(Crawled caption data)
Segment Open
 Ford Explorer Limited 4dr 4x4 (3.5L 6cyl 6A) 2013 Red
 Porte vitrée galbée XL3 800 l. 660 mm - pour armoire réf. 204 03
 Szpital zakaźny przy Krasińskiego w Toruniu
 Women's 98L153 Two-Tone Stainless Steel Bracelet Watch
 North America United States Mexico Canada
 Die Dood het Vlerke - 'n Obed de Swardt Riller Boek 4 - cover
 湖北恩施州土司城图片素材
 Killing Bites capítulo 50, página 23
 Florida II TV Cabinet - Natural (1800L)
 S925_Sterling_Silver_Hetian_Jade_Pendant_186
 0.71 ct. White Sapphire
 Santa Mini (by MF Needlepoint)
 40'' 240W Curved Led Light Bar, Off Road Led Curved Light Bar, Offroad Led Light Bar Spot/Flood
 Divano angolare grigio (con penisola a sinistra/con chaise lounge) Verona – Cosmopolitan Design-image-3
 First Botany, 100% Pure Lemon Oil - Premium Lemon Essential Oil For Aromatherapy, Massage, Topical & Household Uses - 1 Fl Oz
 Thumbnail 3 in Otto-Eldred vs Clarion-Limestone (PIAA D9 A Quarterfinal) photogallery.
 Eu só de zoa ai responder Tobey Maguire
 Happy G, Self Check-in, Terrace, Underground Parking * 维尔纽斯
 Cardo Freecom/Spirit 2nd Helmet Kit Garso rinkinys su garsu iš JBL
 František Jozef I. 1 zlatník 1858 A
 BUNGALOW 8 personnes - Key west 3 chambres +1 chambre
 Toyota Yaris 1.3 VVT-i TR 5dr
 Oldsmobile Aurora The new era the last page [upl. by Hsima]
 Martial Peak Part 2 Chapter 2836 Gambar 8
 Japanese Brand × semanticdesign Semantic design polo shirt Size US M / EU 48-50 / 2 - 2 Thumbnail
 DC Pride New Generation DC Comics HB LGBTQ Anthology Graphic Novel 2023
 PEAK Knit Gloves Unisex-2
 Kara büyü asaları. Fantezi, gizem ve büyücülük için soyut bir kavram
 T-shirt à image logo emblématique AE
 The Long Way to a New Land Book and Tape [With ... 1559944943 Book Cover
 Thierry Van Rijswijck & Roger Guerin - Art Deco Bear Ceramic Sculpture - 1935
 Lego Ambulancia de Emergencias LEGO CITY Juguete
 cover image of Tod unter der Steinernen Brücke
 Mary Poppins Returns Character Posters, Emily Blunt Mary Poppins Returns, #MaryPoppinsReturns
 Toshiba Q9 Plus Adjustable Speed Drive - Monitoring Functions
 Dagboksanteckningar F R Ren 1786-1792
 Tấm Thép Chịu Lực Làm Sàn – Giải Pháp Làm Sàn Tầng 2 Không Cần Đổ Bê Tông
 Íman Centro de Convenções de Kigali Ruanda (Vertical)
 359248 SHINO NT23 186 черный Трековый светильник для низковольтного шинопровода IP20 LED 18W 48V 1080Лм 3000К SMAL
Segment Closed
Wherever the string "Thumbnail" occurs in the entries, copy that whole line.

 Thumbnail 3 in Otto-Eldred vs Clarion-Limestone (PIAA D9 A Quarterfinal) photogallery.
 Japanese Brand × semanticdesign Semantic design polo shirt Size US M / EU 48-50 / 2 - 2 Thumbnail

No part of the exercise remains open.